We provide a number of scripts to extract specific information from the PMB releases. Also, we give instructions on how run the semantic parser Boxer. Note that this can be quite complicated. For neural DRS parser, see our Neural_DRS repository.
The full PMB release contains information about the 6 main annotation layers in the PMB pipeline:
- tok - tokenization of the raw sentence
- sym - lemmatization/symbolization of the raw sentence
- sem - semantic tagging of the raw sentence (see this paper for details)
- cat - CCG supertag categories per token
- sns - Wordnet senses for the relevant tokens (not all!)
- rol - VerbNet roles for the relevant tokens (not all!)
All these layers have a status (gold/silver/bronze). We provide a script that can extract every combination of layers, with every combination of statuses, in CoNLL format.
You can use this script if you are, for example, interested in semantic tagging, lemmatization, or semantic role labeling. You need to download the latest release first.
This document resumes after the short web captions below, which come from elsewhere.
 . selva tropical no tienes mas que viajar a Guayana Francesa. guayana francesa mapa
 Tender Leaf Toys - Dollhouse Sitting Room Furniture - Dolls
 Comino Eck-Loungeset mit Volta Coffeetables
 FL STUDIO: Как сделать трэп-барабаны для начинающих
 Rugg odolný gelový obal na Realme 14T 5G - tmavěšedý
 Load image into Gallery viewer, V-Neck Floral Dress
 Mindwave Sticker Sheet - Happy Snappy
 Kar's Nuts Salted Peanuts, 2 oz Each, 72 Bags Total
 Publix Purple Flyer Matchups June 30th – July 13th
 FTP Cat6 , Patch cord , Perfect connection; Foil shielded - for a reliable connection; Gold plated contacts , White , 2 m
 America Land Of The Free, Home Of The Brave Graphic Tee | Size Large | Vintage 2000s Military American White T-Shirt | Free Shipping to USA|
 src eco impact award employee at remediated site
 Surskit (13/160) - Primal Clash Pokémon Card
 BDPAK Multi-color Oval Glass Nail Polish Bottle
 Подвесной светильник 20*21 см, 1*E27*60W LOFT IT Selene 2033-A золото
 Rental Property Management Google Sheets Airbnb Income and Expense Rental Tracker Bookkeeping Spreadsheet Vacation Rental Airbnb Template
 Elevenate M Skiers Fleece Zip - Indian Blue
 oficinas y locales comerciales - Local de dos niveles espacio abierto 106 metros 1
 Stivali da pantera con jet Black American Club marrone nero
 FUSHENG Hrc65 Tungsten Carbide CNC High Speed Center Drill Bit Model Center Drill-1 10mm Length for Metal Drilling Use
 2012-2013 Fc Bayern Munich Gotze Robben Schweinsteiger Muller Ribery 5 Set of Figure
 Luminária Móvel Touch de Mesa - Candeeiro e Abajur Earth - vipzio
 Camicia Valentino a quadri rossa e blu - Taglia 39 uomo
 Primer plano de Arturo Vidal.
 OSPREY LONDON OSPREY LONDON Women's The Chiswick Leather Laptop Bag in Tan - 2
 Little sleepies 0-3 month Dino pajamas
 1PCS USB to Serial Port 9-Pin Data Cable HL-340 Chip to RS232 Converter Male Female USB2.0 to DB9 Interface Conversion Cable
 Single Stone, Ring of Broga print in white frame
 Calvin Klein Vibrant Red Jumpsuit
Note that unzipping can take quite some time.
For example, this is how you extract gold standard semantic tagging data, and split it in train/dev/test (default):
python parsing/extract_conll.py en $PMB_DATA_DIR $WORKING_DIR -j statuses.json -ls tok:g sem:g
Another example: extract gold data for German semantic role labeling, add additional layers CCG categories, semantic tags, and symbols of at least silver status and split in train/dev/test:
python parsing/extract_conll.py de $PMB_DATA_DIR $WORKING_DIR -j statuses.json -ls tok:g rol:g cat:gs sem:gs sym:gs
The first time you run the script it fills statuses.json if it doesn't exist yet, which will speed up further extractions. $PMB_DATA_DIR should be the data/ folder of the release. Also, since it is CoNLL format, tokens are always extracted anyway.
We provide a working model of the semantic parser Boxer for release 3.0.0. However, getting it to output quality DRSs is not straightforward, since it is dependent on 6 input layers, that are tagged per token (see above).
The file run_boxer.py
is able to provide you with DRSs if you provide it with the information per layer, in CoNLL format.
We have provided the gold standard layer information (see parsing/layer_data/) as an example of what input Boxer expects.
Boxer is created in prolog and needs swipl version 7.2.3 to run, please check here and here to obtain a working version.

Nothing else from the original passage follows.